American legal scholar

Anita Nancy Bernstein is an American tort law scholar with expertise in feminist jurisprudence and legal ethics. She is the Anita and Stuart Subotnick Professor of Law at Brooklyn Law School.

==Biography==
Bernstein graduated from Queens College with a Bachelor of Arts degree in political science and then earned a Juris Doctor from Yale Law School, where she served as an article and book review editor of the Yale Law Journal.

Following law school, she clerked for Jack B. Weinstein, who was then Chief Judge of the United States District Court for the Eastern District of New York. She then worked for Debevoise & Plimpton. Bernstein was the first law professor to receive the Fulbright Scholarship in European Union affairs.

Bernstein was the first holder of an ethics chair at Emory University School of Law. She blogs occasionally on legal ethics and professional responsibility.

Bernstein is the author of two books on the law of human reproductive anatomy. The Common Law Inside the Female Body,published by Cambridge University Press, argues that traditional common law principles justify the right and liberty to refuse sexual penetration and pregnancy when those experiences are unwanted. Making the Best of Semen, published by New York University Press, argues that legal regulation of semen as a fluid would increase the safety and happiness of individual.

== Recognition ==
Willam L. Prosser Award, Section on Torts and Compensation Systems, American Association of Law Schools (2020)

Fulbright Program Law Research Scholar (1992–93)

Jean Monnet fellow at the European University Institute (1992–93)

Associate Member of the Common Room and an Honorary Member of the Table of Christ Church College at the University of Oxford (2015).

== Notable publications ==
How Can a Product Be Liable?, 45 Duke Law Journal 1-83 (1995)

Muss Es Sein? Not Necessarily, Says Tort Law, 67 Law and Contemporary Problems 7-26 (Fall 2004)

Keep It Simple: An Explanation of the Rule of No Recovery for Pure Economic Loss, Arizona Law Review 773 (2006)

What’s Wrong with Stereotyping?, Arizona Law Review 655 (2013)

Common Law Fundamentals of the Right to Abortion, 63 Buffalo Law Review (2015)

Pitfalls Ahead: A Manifesto for the Training of Lawyers, 94 Cornell Law Review 479 (2009)

Treating Sexual Harassment with Respect, 111 Harvard Law Review 445 (1997)

The Trouble with Regulating Microfinance, 35 U. Hawai’i Law Review 1 (2013)

Whatever Happened to Law and Economics?, 64 Maryland Law Review 303 (2005)

For and Against Marriage: A Revision, 102 Michigan Law Review 129 (2003)

Toward More Parsimony and Transparency for "the Essentials of Marriage," 2011 Michigan State Law Review 83 (2011)
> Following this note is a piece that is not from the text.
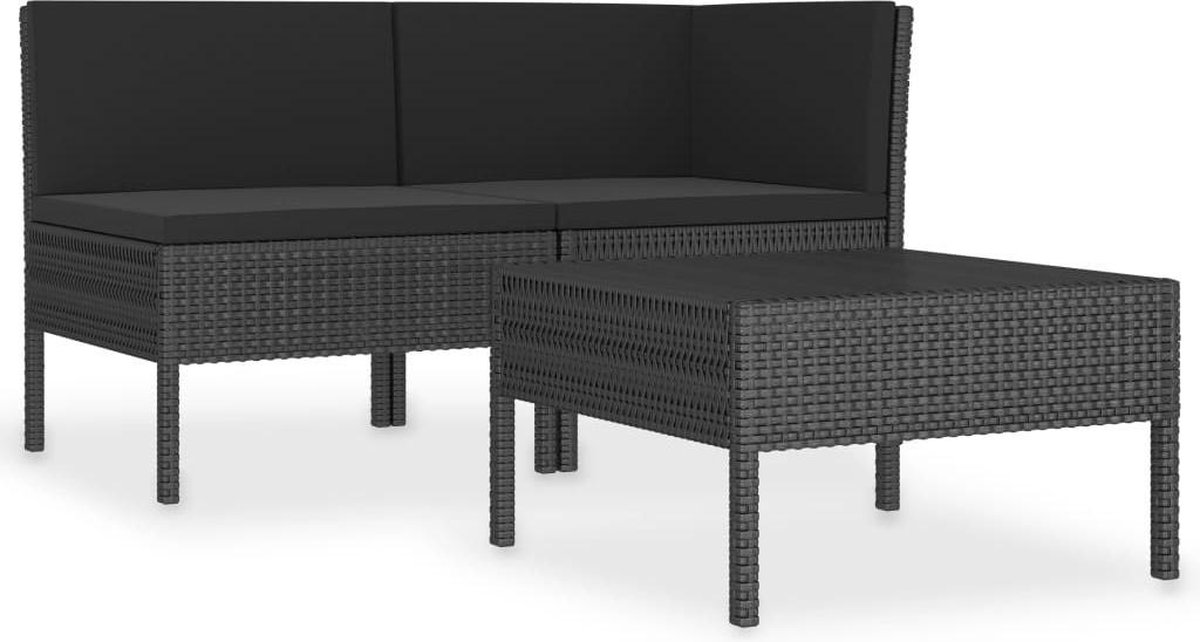 Vidaxl 3-delige Loungeset Met Kussens Poly Rattan - Negro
Real Remedies for Virtual Injuries, 90 North Carolina Law Review 1457 (2012)

Abuse and Harassment Diminish Free Speech, 35 Pace Law Review 1 (2014)
== Poetry ==

Poetry is among Bernstein's interests. Atlanta Review, Oxford Poetry, Minnesota Review, The New Renaissance, Orbis, and Bird's Thumb have published her poems. In 2016 she taught a poetry workshop at Brooklyn Lifelong Learning.